| Exercise aim |
When you reach the line that contains "DA subpoenas Trump" in the data below, start reproducing lines exactly, and stop after the line that contains "Batteriepack - Stilzeits".

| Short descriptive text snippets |

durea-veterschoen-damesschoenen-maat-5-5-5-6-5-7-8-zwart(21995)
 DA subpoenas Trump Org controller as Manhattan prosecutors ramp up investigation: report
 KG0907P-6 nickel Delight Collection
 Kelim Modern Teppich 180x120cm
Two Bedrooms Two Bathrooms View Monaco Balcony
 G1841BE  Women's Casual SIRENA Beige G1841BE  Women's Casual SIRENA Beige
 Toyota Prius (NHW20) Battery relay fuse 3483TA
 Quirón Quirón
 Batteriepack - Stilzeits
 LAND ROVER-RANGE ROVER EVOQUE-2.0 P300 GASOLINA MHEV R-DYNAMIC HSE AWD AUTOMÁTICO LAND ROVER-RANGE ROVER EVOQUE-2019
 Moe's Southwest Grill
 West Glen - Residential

| Expected answer |
 DA subpoenas Trump Org controller as Manhattan prosecutors ramp up investigation: report
 KG0907P-6 nickel Delight Collection
 Kelim Modern Teppich 180x120cm
Two Bedrooms Two Bathrooms View Monaco Balcony
 G1841BE  Women's Casual SIRENA Beige G1841BE  Women's Casual SIRENA Beige
 Toyota Prius (NHW20) Battery relay fuse 3483TA
 Quirón Quirón
 Batteriepack - Stilzeits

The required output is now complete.